AIM OF THE TASK: Print the lines of the entries below from the one with "U.S. climber scales" through the final line, exactly as they appear. The pictures are not part of the copy.

MATERIALS PROVIDED:
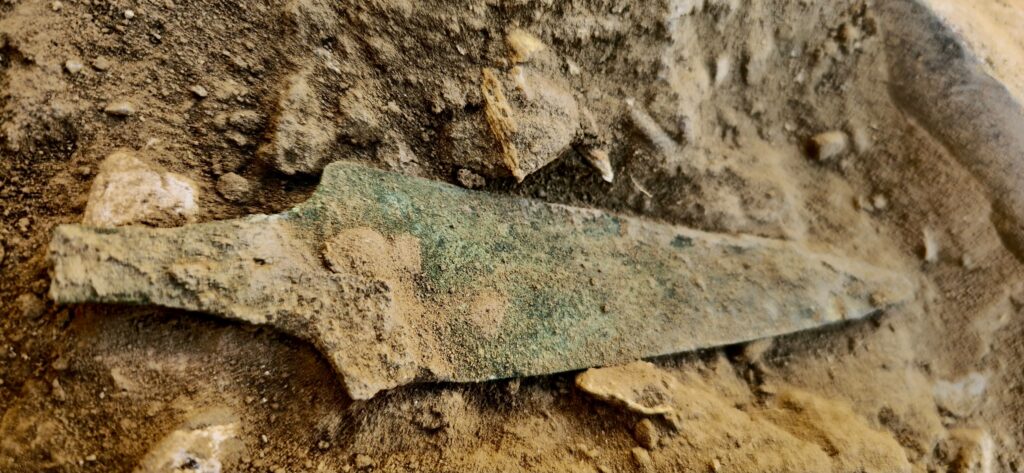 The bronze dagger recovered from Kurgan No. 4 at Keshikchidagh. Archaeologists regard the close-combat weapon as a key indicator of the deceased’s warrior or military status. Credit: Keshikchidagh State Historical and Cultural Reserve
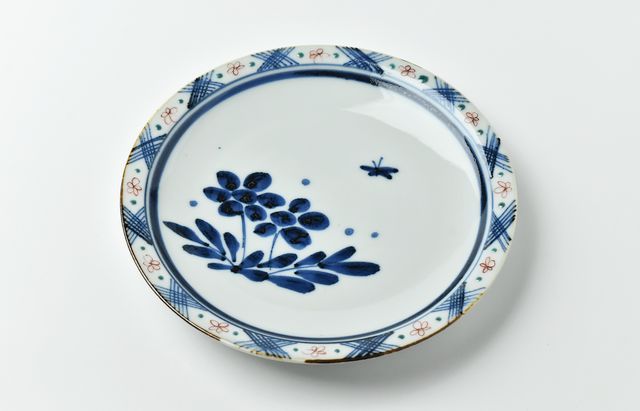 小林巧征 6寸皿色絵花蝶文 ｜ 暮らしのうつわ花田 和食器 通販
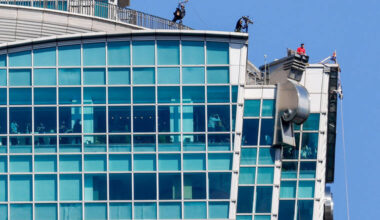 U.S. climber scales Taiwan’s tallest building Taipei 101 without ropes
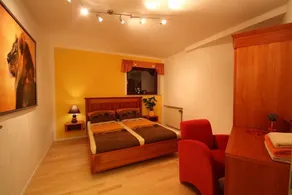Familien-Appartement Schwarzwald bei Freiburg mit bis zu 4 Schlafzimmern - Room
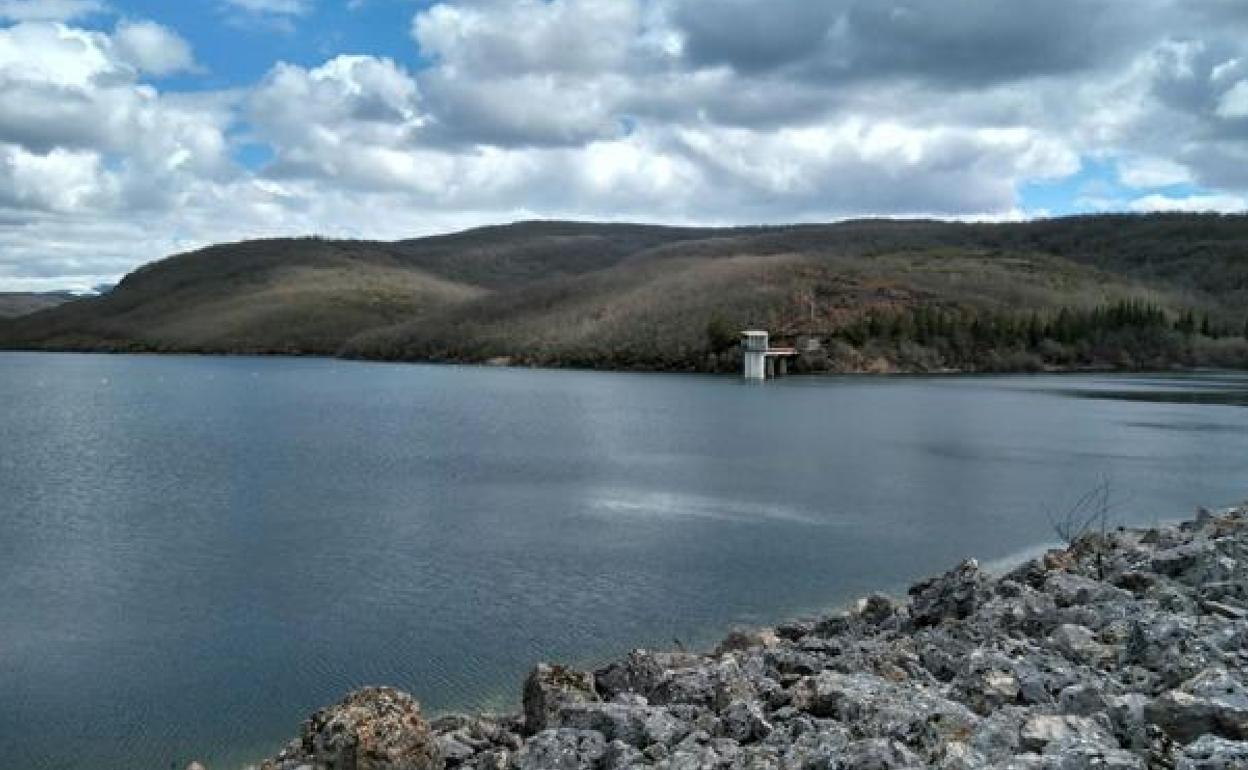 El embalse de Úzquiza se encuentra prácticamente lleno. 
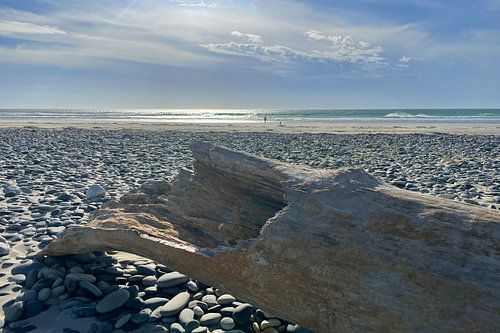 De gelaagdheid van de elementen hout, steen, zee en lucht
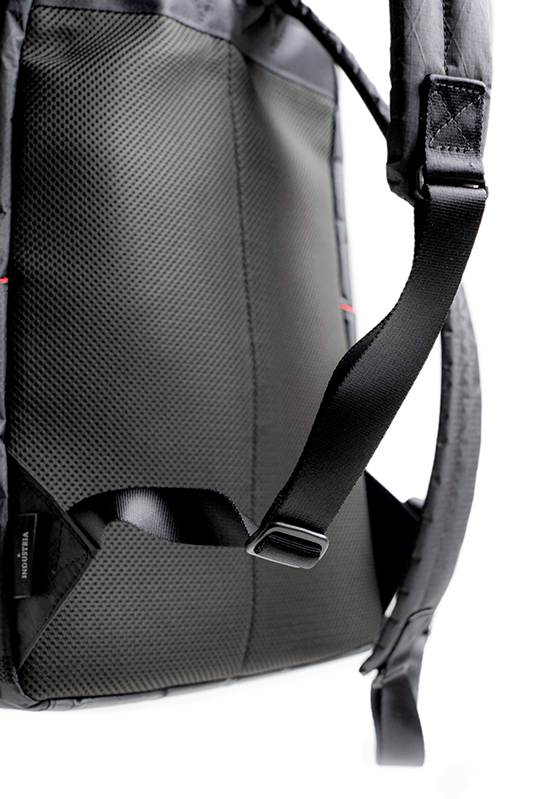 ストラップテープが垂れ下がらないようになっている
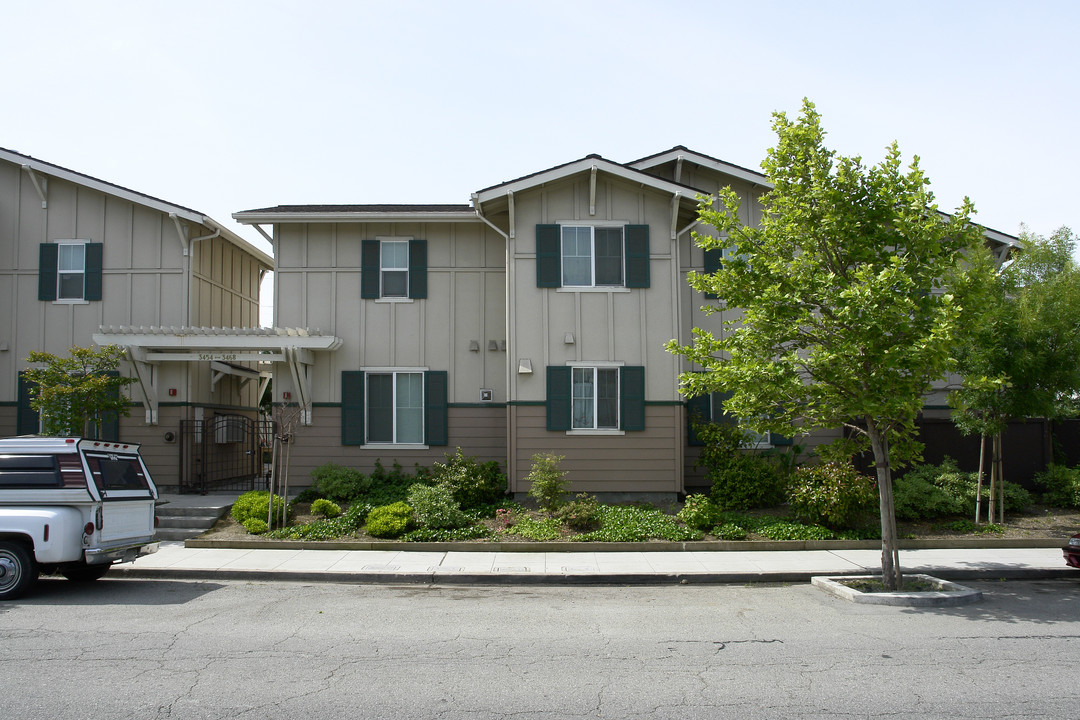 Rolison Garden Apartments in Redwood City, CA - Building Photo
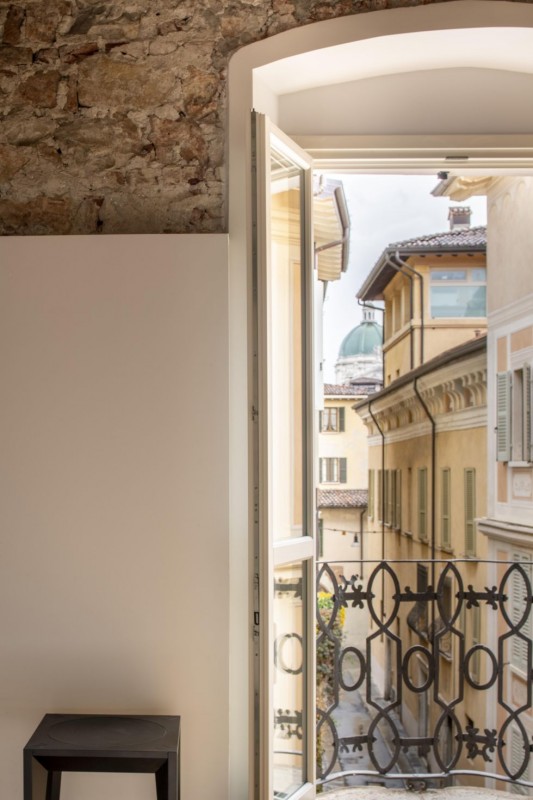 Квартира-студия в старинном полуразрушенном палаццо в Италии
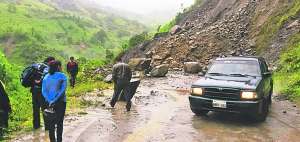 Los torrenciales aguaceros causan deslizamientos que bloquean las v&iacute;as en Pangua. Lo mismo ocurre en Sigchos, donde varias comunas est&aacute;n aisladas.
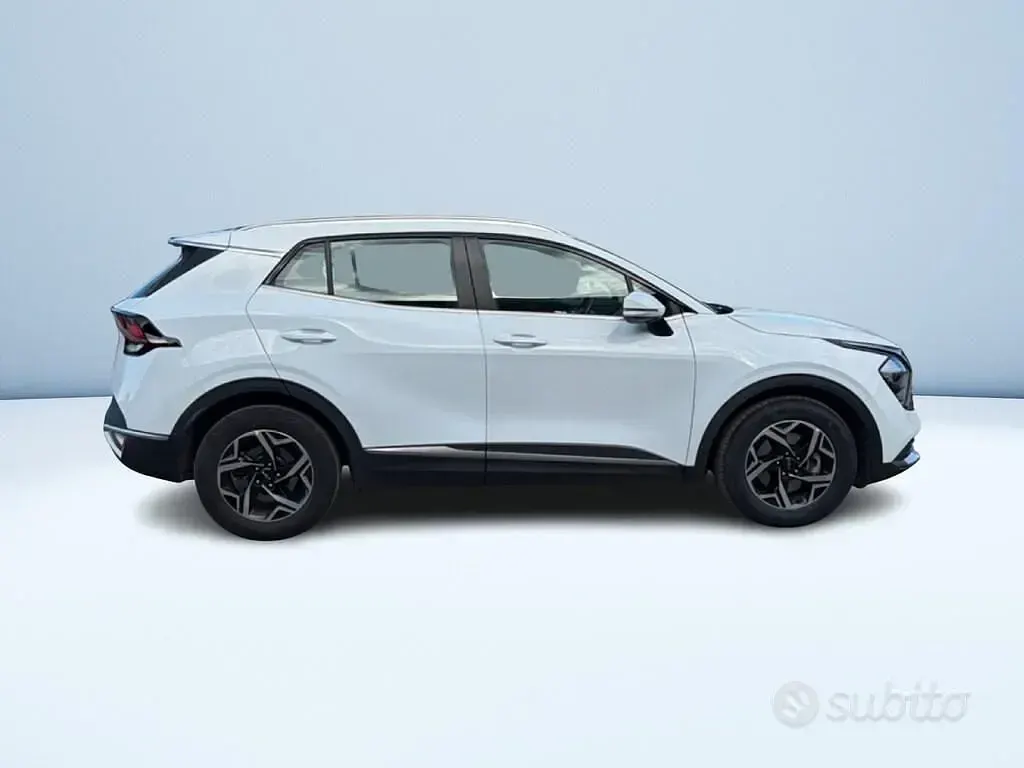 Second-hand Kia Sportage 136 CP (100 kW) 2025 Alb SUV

ANSWER TO THIS EXERCISE:
 U.S. climber scales Taiwan’s tallest building Taipei 101 without ropes
Familien-Appartement Schwarzwald bei Freiburg mit bis zu 4 Schlafzimmern - Room
 El embalse de Úzquiza se encuentra prácticamente lleno. 
 De gelaagdheid van de elementen hout, steen, zee en lucht
 ストラップテープが垂れ下がらないようになっている
 Rolison Garden Apartments in Redwood City, CA - Building Photo
 Квартира-студия в старинном полуразрушенном палаццо в Италии
 Los torrenciales aguaceros causan deslizamientos que bloquean las v&iacute;as en Pangua. Lo mismo ocurre en Sigchos, donde varias comunas est&aacute;n aisladas.
 Second-hand Kia Sportage 136 CP (100 kW) 2025 Alb SUV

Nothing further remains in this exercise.